The Herräng Dance Camp is about to get into swing.
The village of Herräng has just 600 inhabitants and lies some 100 kilometers north of Stockholm. 25 years ago, its isolated position attracted a group of Swedish swing dancers, who invited an American instructor from New York to teach them some new moves.
Since then, the event has grown into the leading and most comprehensive dance camp in the world focusing on the African-American swing dance tradition.
The living icon of Lindy HopThe Herräng Dance Camp wouldn't be complete without instructor Frankie Manning. The 93-year-old is a legend at the camp and an inspiration for his many fans.
Manning teaches Lindy Hop, an African-American dance that evolved in New York in the late 1920s, 30s and 40s. It is a fusion of jazz, tap and the Charleston. Danced with a partner, the original Lindy Hop was a parody of stiff white couples at society tea dances.
However, by the 1950s, the Lindy Hop was superseded by the jitterbug and rock 'n' roll. It has seen a revival in the last couple of decades, though, partly thanks to the Swedish dance camp.
Lennart Westerlund is one of the camp's founders and still in charge today -- even if he no longer has much time for dancing. He says Manning's presence is very important for the entire camp.
"He is like an unbeatable ambassador for the dance," Westerlund says. "He's a living icon because he has done so much for the dance and inspired so many people."
"I just love dancing."Of course, the Lindy Hop scene would exist without Manning, Westerlund says.
"But I don't think it would have the size, enthusiasm and energy that it has," he says.
Manning is the last link to a time, which all the dancers at Herräng view with hazy-eyed awe. In the 1930s and 40s, he appeared with Billie Holiday, Frank Sinatra, Nat King Cole and Ella Fitzgerald: names, which conjure up an image of a lost era.
Manning himself does not have a secret formula for the reason he is still dancing at his age.
"I just love dancing and I love watching people dance," Manning says.
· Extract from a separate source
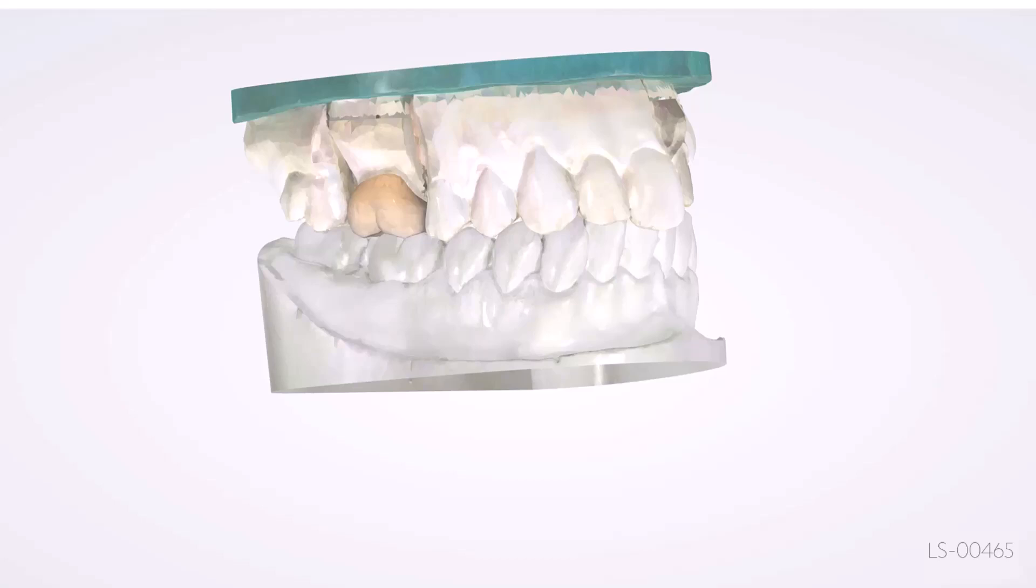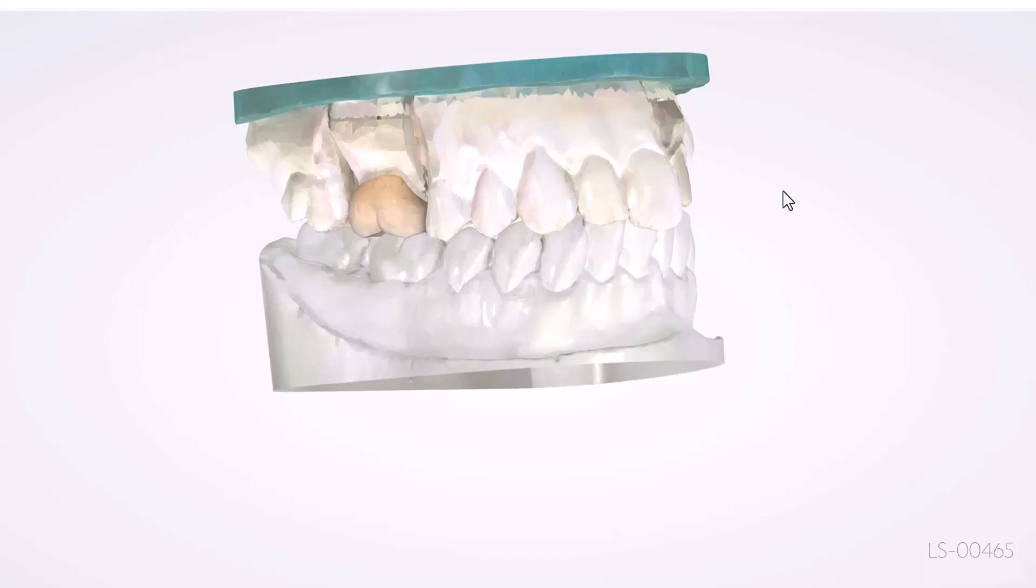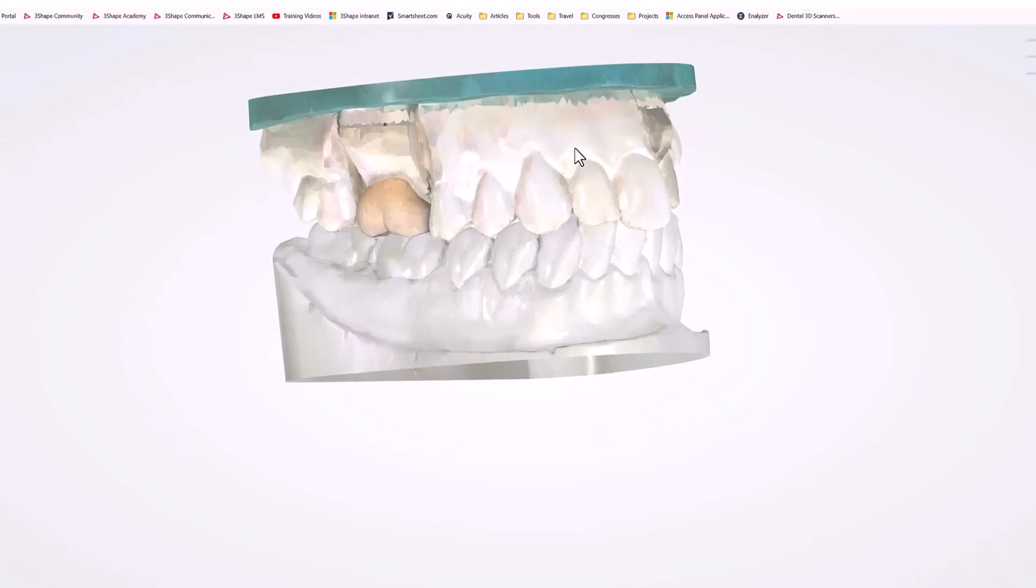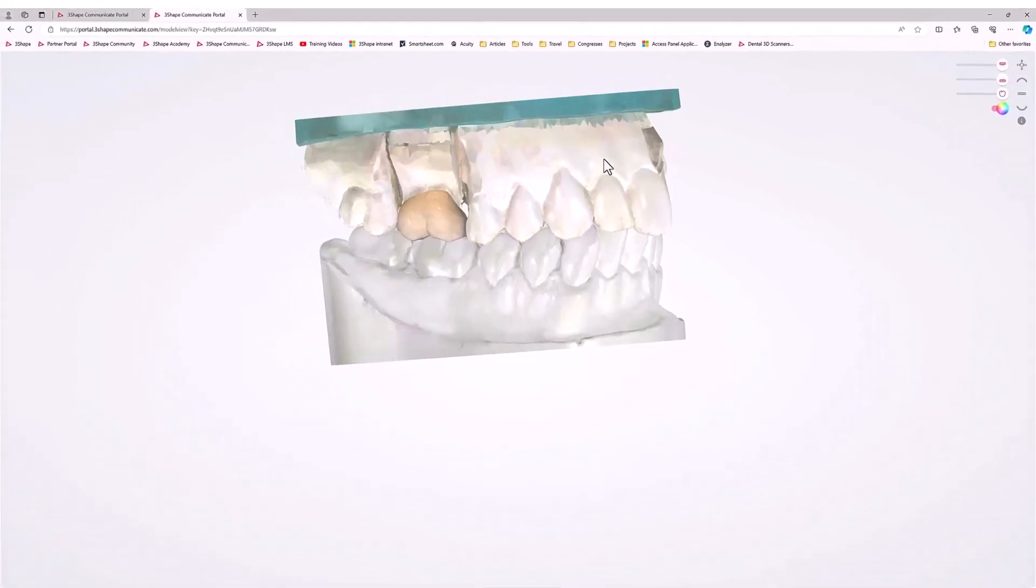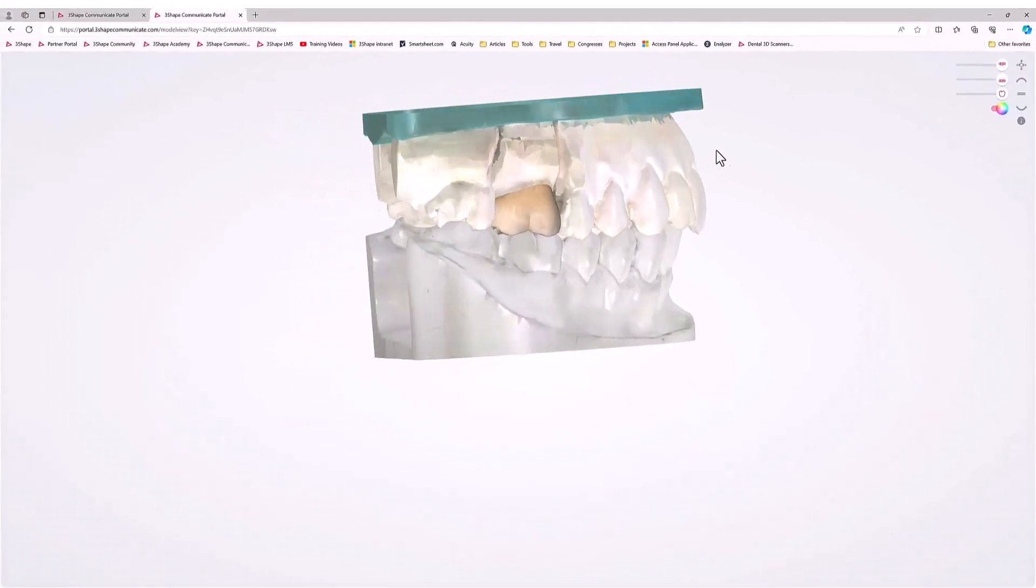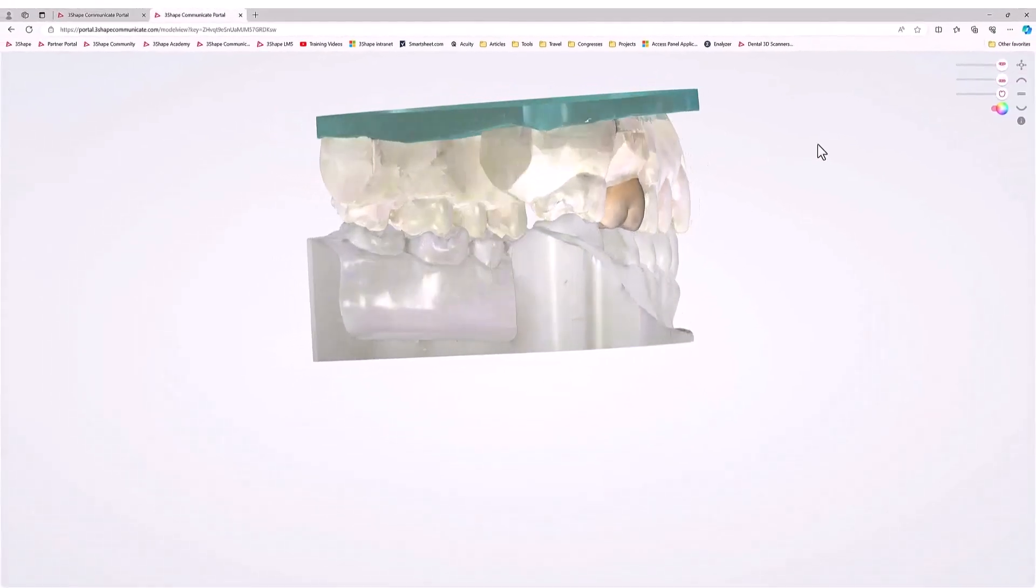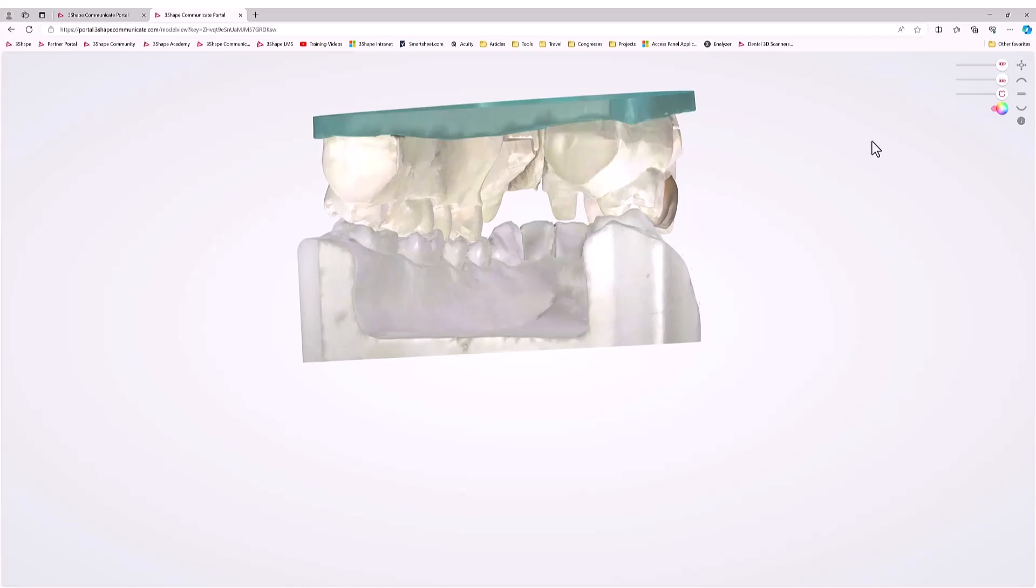Web Link Preview is a new feature available in Dental System that allows you to share a preview of a case in any internet browser without a 3Shape ID or access to 3Shape Communicate.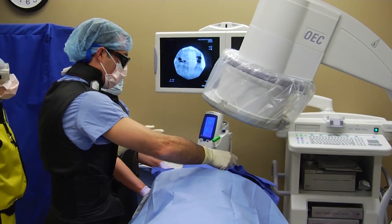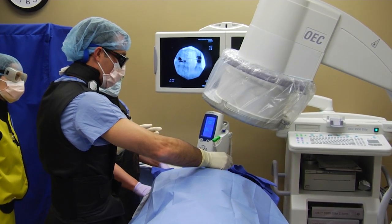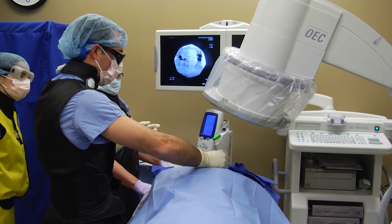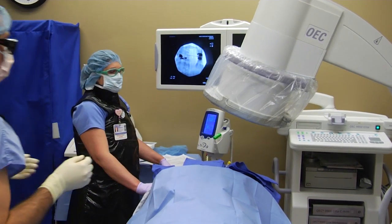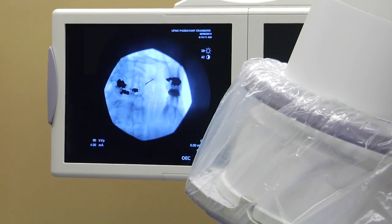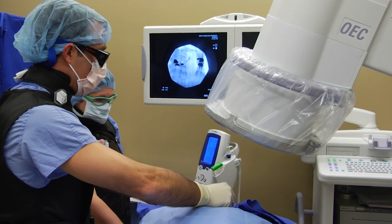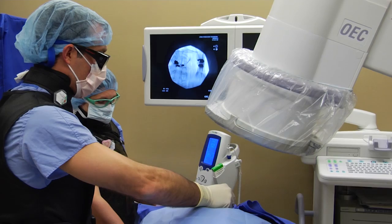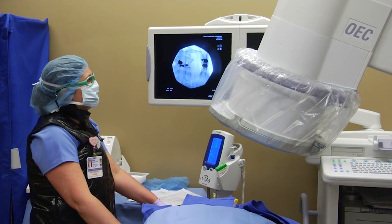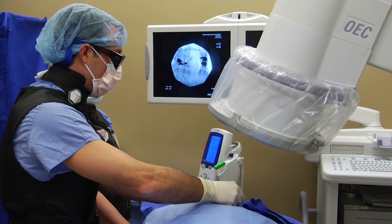First, I anesthetize the superficial skin with preservative-free lidocaine. Then, I insert a 20-gauge, 10-centimeter curved RFA needle through the skin. Under continuous fluoroscopic imaging, I am advancing the needle down to the target location. The notch on the RFA needle should always be positioned medially in order to avoid advancing the needle too far anteriorly.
It was a film choreographed by Manning, which inspired Westerlund to found the Herräng Dance Camp back in 1982. The two-minute film "Hellzapoppin" from the year 1941 showed eight African-Americans dancing in pairs in a wild frenzy of moves.
A truly international camp
Today, the love of dance attracts people to Sweden from around the world. Many come from the United States and Europe, but in the last couple of years, there have also been dancers at Herräng from as far afield as China, South Korea and Brazil.
Russia has the second highest number of participants at the camp after Sweden. Even though the dancers might not speak the same language, they can all communicate through their passion for swing.
And you have to be passionate about dancing to take part in the camp, which has a hectic schedule. Dance classes start every day at 10 in the morning. Each class lasts for an hour and twenty minutes.
After supper in the evening, there is a meeting, where the community comes together to hear about the day. Then they watch film clips from jazz history, to get everyone in the mood for the dance parties -- which often go on till 6 the next morning. After that, the dancers grab a few hours of sleep before slipping on their swing shoes for class the next morning.
As Faye, a dancer from Malaysia says: "You don't come to Herräng to sleep; you come to Herräng to dance."
The camp brings unavoidable noise, parking problems and traffic jams to the village. But the locals put up with the downsides in the knowledge that the money it generates is a lifeline for the former mining area. The rest of the year is so quiet that the local shop would not survive without the annual summer dance camp.
According to Herräng local Birgitta, the dancers are welcome.
"They like to learn and they like to practice, so they are tired," she says. "So they eat, sleep and dance, so no problem!"